Si se rompe ese equilibrio, el microclima desaparece y el deshielo acelera como no lo hemos visto hasta ahora.
Cómo funciona el autoenfriamiento glaciar
En gigantes como los del Himalaya, los Andes o los Alpes, por la noche el aire frío baja por las laderas, son los vientos catabáticos. Ese flujo baja la temperatura local y sostiene ecosistemas que dependen del hielo. Sencillo en la teoría, vital en la práctica.
El equipo de Francesca Pellicciotti recopiló datos de 350 estaciones instaladas directamente sobre glaciares activos. Resultado, por cada grado que sube el aire ambiente, la superficie del hielo aumenta de media 0,83 °C. Hay un desacoplamiento temporal entre ambos valores.
Pero el modelo del ISTA marca un techo, el “autoenfriamiento” tocaría su máximo en la década de 2030. Con menos masa de hielo, habrá menos aire frío. Las temperaturas del glaciar se acercarán a las de la atmósfera y el derretimiento cogerá velocidad.
Cuando ese desacoplamiento desaparezca, los glaciares quedarán expuestos a un entorno más cálido y perderán su papel de reguladores del clima local.
Consecuencias para el agua y el clima
El impacto será directo en el agua dulce. En los Andes o el Himalaya, millones de personas dependen del aporte glaciar del verano. Con menos hielo, habrá más riesgo de sequías, crecidas e incluso deslizamientos. No es un problema lejano; afecta al grifo, a la agricultura y a la seguridad.
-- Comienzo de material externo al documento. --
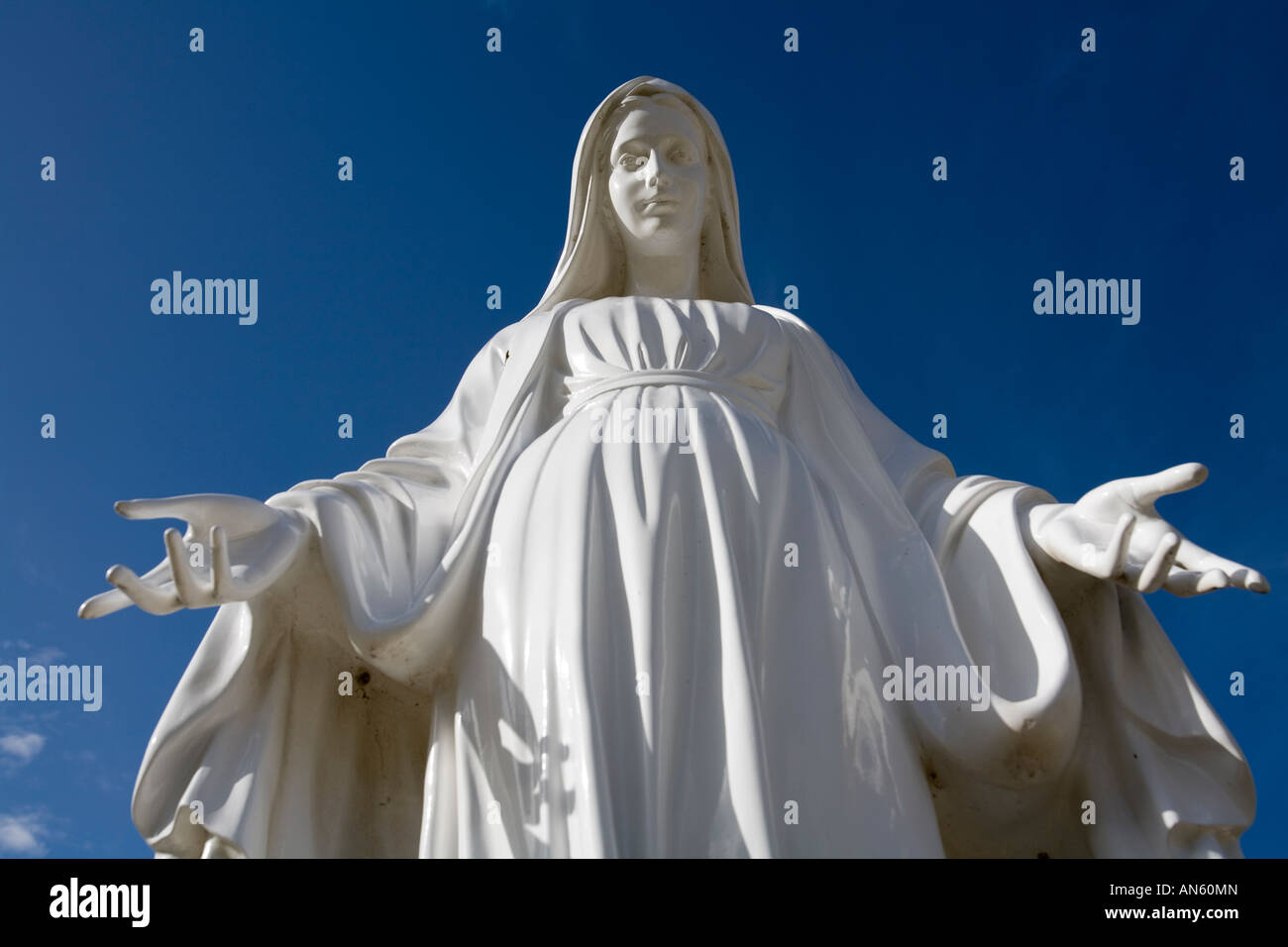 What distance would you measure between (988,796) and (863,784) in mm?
842

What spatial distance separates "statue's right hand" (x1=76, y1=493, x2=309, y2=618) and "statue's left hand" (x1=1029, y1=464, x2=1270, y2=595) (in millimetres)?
3288

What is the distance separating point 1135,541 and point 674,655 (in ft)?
6.56

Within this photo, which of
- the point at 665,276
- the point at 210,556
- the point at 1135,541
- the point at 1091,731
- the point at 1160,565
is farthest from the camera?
the point at 665,276

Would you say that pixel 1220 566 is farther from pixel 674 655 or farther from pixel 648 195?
pixel 648 195

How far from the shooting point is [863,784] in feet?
22.9

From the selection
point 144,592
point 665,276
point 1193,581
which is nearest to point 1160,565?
point 1193,581

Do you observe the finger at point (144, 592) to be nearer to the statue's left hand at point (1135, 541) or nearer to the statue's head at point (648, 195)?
the statue's head at point (648, 195)

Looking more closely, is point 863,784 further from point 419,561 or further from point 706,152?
point 706,152

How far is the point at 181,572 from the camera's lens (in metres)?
6.67

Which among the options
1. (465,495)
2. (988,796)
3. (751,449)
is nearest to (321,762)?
(465,495)

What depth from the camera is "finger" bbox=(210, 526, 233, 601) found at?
267 inches

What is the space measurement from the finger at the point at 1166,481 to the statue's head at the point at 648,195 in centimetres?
307

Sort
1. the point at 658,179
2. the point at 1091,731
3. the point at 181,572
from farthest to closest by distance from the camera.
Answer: the point at 658,179, the point at 1091,731, the point at 181,572

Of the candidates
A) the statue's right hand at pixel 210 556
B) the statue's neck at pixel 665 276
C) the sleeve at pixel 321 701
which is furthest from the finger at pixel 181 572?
the statue's neck at pixel 665 276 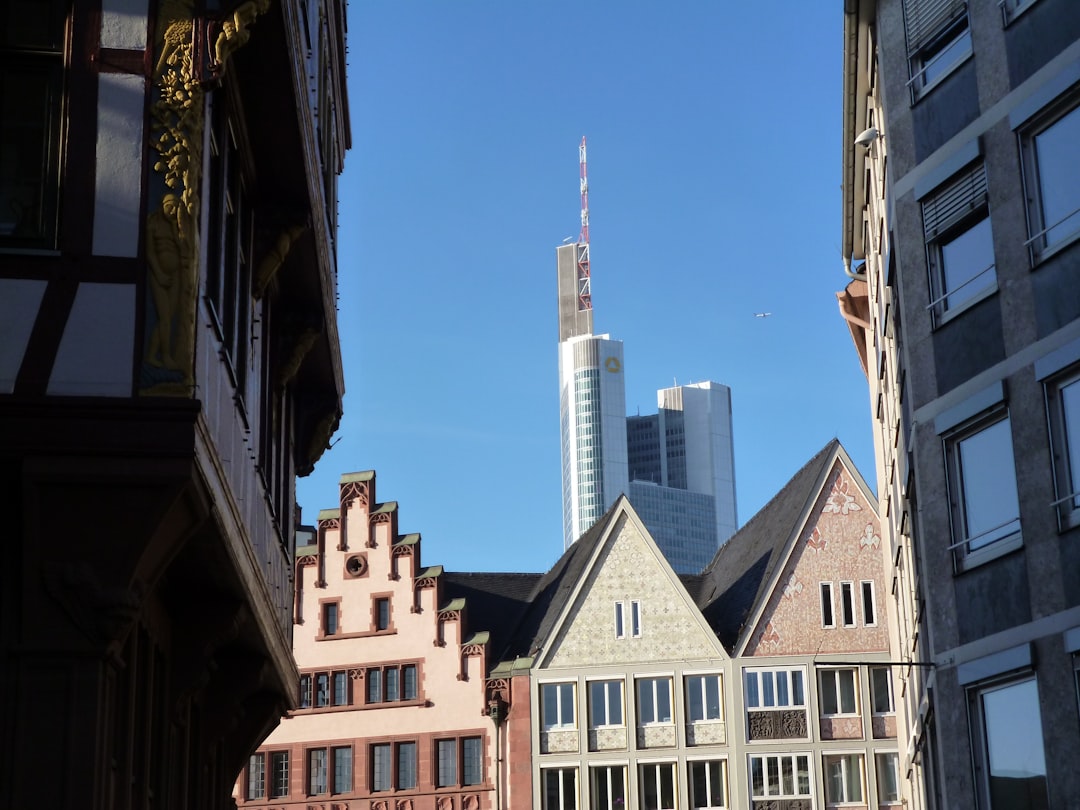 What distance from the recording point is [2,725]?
12227 mm

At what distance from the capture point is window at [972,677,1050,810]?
18.7m

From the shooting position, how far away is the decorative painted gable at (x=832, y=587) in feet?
177

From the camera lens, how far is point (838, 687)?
53281 millimetres

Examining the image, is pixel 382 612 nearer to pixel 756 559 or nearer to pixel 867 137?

Aceptar qué parte del hielo ya está comprometida ayuda a planificar la gestión del agua de las próximas décadas y a preparar medidas de adaptación en alta montaña.
Un futuro con menos hielo, pero margen para actuar
El equipo del ISTA descarta atajos como cubrir glaciares o sembrar nubes para reflejar la radiación. “Son parches temporales que no atacan la raíz del problema”, insiste Shaw. No podremos salvar todos los glaciares, pero sí frenar su desaparición.
¿Qué hacer mientras tanto? Mejorar el monitoreo, reforzar la gestión del agua y reducir emisiones. Y explicar mejor —a todos— cómo el deshielo se traduce en bienestar humano aquí y ahora.